Life on Earth has evolved for millions of years, creating a vast diversity. Even though it's not apparent to us, most of this diversity is microbial. Exploring all of these microbes out there is challenging, though. They are tiny and often morphologically hardly distinguishable. Luckily, over the last ten years, molecular techniques such as high throughput sequencing have become more available. These modern methods allowed microbial diversity research to scale. One of the popular high throughput sequencing methods is environmental sequencing. Environmental sequencing enables us to sequence numerous organisms within the same sample. We don't need to painstakingly isolate all the individual specimens one by one but sequence the whole sample from the environment.
Environmental sequencing yields a large number of sequences that we need to match with the correct taxonomic names. There are several ways how to do it. One of them is placing the environmental sequences on the phylogenetic tree that is made from already identified taxa.
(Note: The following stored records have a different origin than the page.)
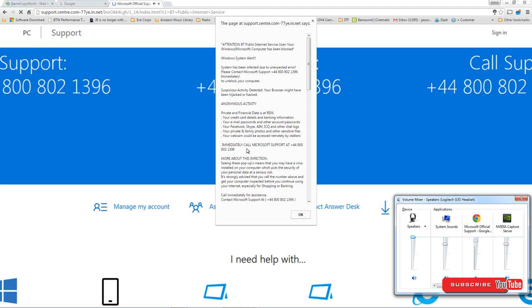They'll gain remote access to your computer by getting you to follow some instructions online, and once they have control of your computer they can pretty much do anything they want. Ultimately their goal is to convince you that they've removed the viruses and then they'll ask for your credit card details.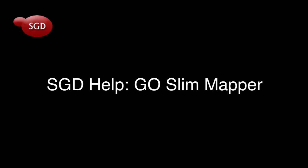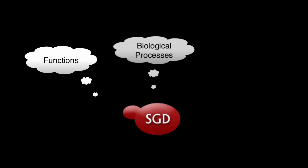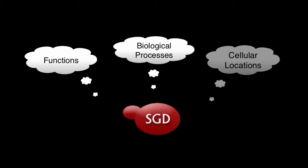Welcome to this quick video tutorial on SGD's GoSlim Mapper. Have you ever wanted to analyze sets of genes and identify their common functions, biological processes, or cellular locations? The GoSlim Mapper tool uses Gene Ontology or GO annotations to do just that.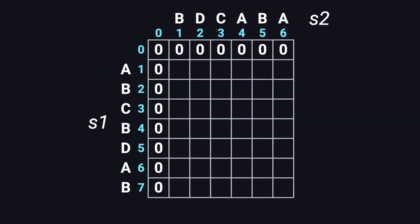Let's walk through the table filling process. The top row and leftmost column are already set to zero, so we can skip them. We start from the first character in the first string, which is A. The first cell compares A and B. They don't match, and both the top and left cells are zero, so we put zero here.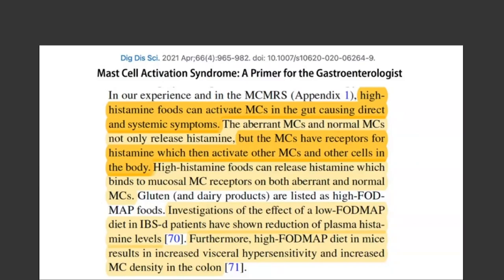High histamine foods can release histamine that binds to mucosal mast cell receptors. Investigations of low FODMAP diets in diarrhea-dominant IBS patients have shown reduction in plasma histamine levels. So low FODMAP diet may help improve symptoms in part by reducing histamine. Furthermore, a high FODMAP diet in mice results in increased visceral hypersensitivity and increased mast cell density in the colon — a very interesting picture emerging from new research linking mast cells, histamine, and IBS-like symptoms.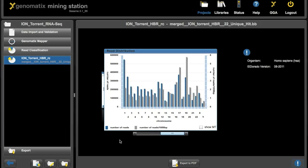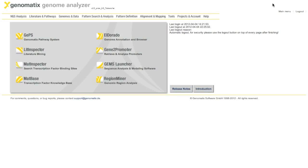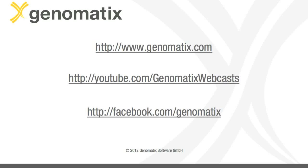We could go to downstream analysis now by clicking on the GGA button up here, but this will be shown in another movie. For more information on our solutions and services, please visit our web page at genomatics.com. More movies can be found on the genomatics webcasts channel on YouTube, and our Facebook page is at facebook.com slash genomatics. Thanks.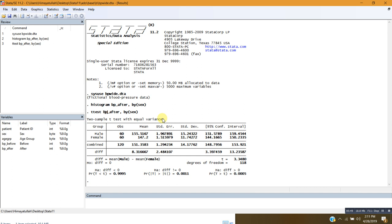Later I will show how to use this test assuming the two variances are not equal. In the output table, group one is male and group two is female, with a combined row. There are 60 male patients and 60 female patients, totalling 120 observations. The average blood pressure after treatment for the female group is 155.51, and for the male group it differs, with the combined mean being 151.3583. The difference between the average blood pressure of male and female after treatment is 8.3166.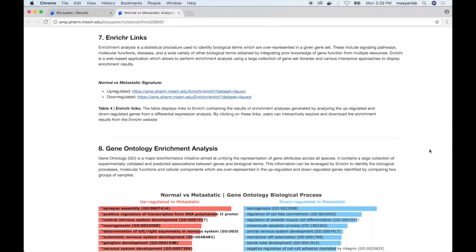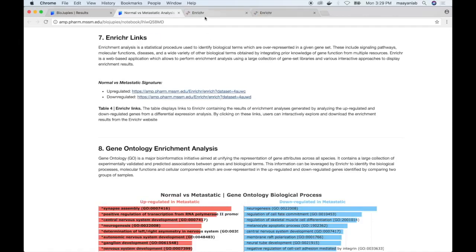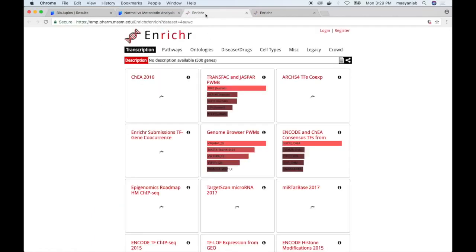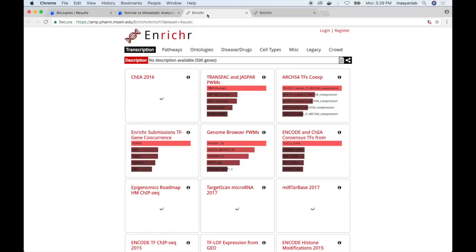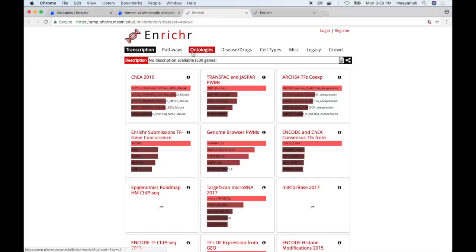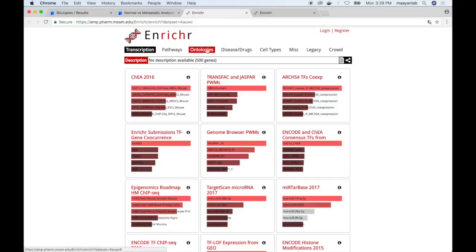Once the differential expression analysis has been performed, the upregulated and downregulated genes can be uploaded to the enrichment analysis web server Enrichr to identify biological terms overrepresented in each gene set. BioGP provides links to Enrichr web pages which contain enrichment results for both upregulated and downregulated gene sets, which the user can interactively explore using the web server.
So we can identify the phylogenetic position of environmental sequences. This method is called phylogenetic placement. The tree where we place the sequences is called a reference tree.
A reference tree could be very broad, containing all three main domains of life. Or we can focus on a specific group, for instance, a tree that would include only ciliates, so in that case, we can analyze ciliate diversity in more depth.
The problem is that reference trees are missing for many groups or are not publicly available. On the other hand, environmental molecular data are still increasing, so many specialists can benefit from this data. They can assess the diversity of the group of their interest by phylogenetic placement. One of the examples are ciliates. Although each global diversity survey shows ciliates as one of the most dominant eukaryotic single-cell groups, there are only a few ciliate-specific molecular diversity studies. Therefore, we decided to fill this gap and design a global ciliate SSU-rRNA tree that may be used in future studies. We also wanted to make 1) several versions of the reference trees, each version suitable for a different sequence platform, and 2) choose the most practical and followed taxonomy.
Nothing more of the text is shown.